En ce qui concerne les diplômés de grandes écoles, Laurent Fabius (ministre des Affaires étrangères et du Développement international) est un ancien de l’ENA, dans la promotion François Rabelais (1971-1973). Michel Sapin (ministre des Finances et des Comptes publics) et Ségolène Royal (Ecologie, Développement durable et Energie) sont aussi énarques, dans la célèbre promotion Voltaire (1978-1980), dont est également issu François Hollande.

Aurélie Filipetti (Culture et Communication) et Marisol Touraine (Affaires sociales) sont normaliennes.

Arnaud Montebourg (Economie, Redressement productif et Numérique) et Najat Vallaud-Belkacem (Droits des femmes, Ville, Jeunesse et Sports) sont diplômés de l’IEP de Paris, et ont tous deux tenté mais échoué au concours de l’ENA. Bernard Cazeneuve est, lui, un ancien de l’Institut d’Etudes Politiques de Bordeaux.

Quatre agrégés

Laurent Fabius, Marisol Touraine et Aurélie Filipetti sont en outre titulaires de l’agrégation, de même que Jean-Yves Le Drian, ministre de la Défense et agrégé en histoire contemporaine.

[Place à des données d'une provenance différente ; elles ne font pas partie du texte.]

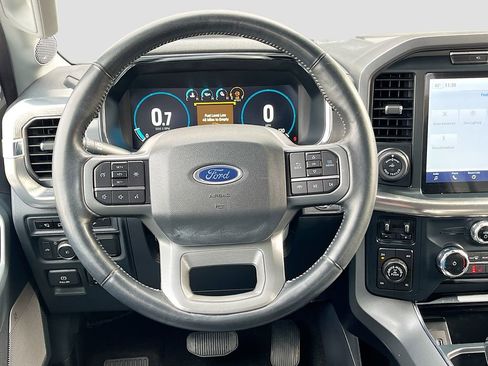 Used 2022 Ford F150 Lariat AWD/4WD image 11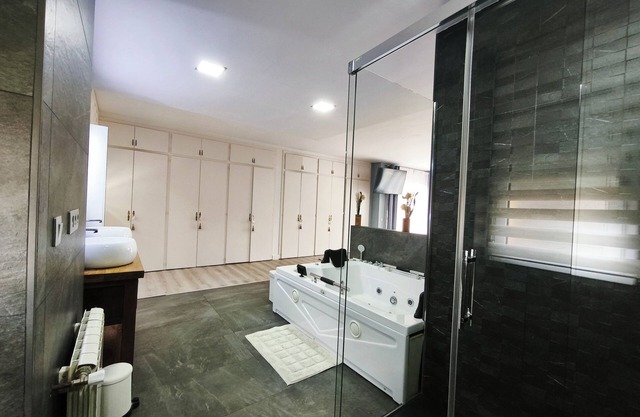 Luxury Villa in Vallromanes - Nature, Pool, Views, Close to Barcelona & Beach.
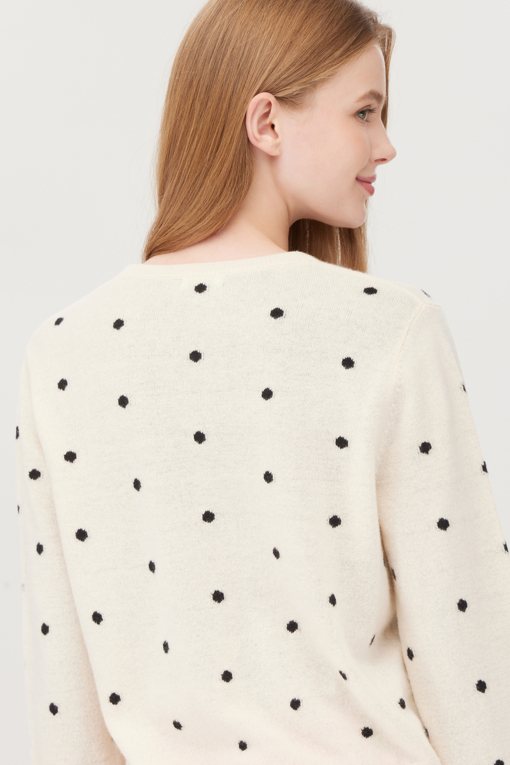 https://img.benettonmall.com/PARTS/KB/25F/BAKCF3561IV_MB_D3.jpg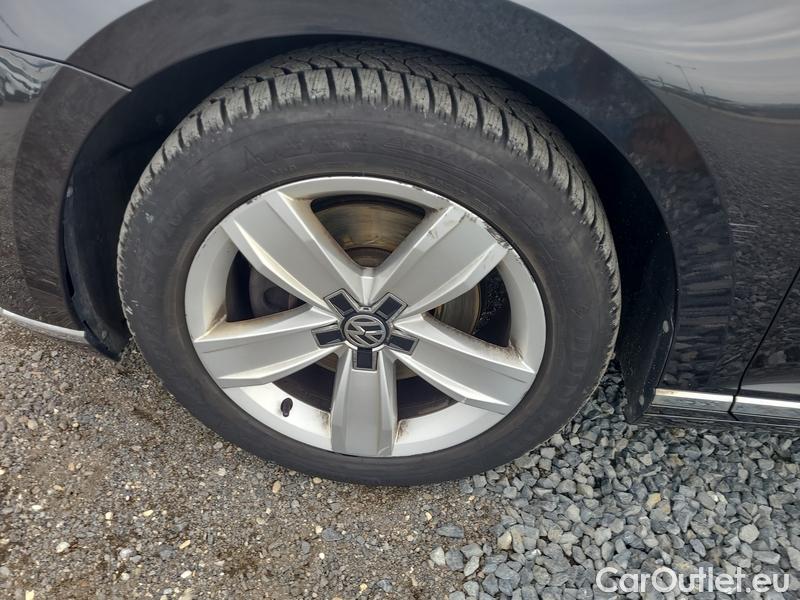  Volkswagen  Passat  Variant (CB5) (2019) Pas.Var.2.0TDI 110 Elegance #24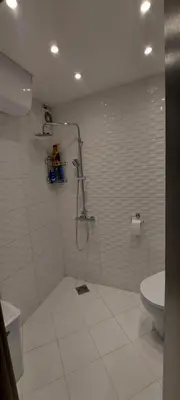a bathroom with a shower and a toilet at DUBLIN STAN na dan u MARŠALA TITA in Bar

Une majorité de ministres sont titulaires d’un diplôme de niveau master de l’université (maîtrise ou DEA) : Christiane Taubira (Justice), Stéphane Le Foll (Agriculture, Agroalimentaire et Forêt, et porte-parole du gouvernement), Marilyse Lebranchu (Décentralisation, Réforme de l’Etat et Fonction publique), François Rebsamen (Travail, Emploi et Dialogue social), Sylvia Pinel (Logement, Egalité des territoires) et George Pau-Langevin (Outre-mer).

Benoît Hamon, ministre de l’Education nationale, de l’Enseignement supérieur et de la Recherche, ne détient qu’une licence d’histoire. Tout comme le Premier ministre, Manuel Valls, qui après avoir obtenu son diplôme à l’université Paris 1 Panthéon-Sorbonne en 1986, s’est très vite lancé dans la politique, en devenant attaché parlementaire de Michel Rocard à 26 ans.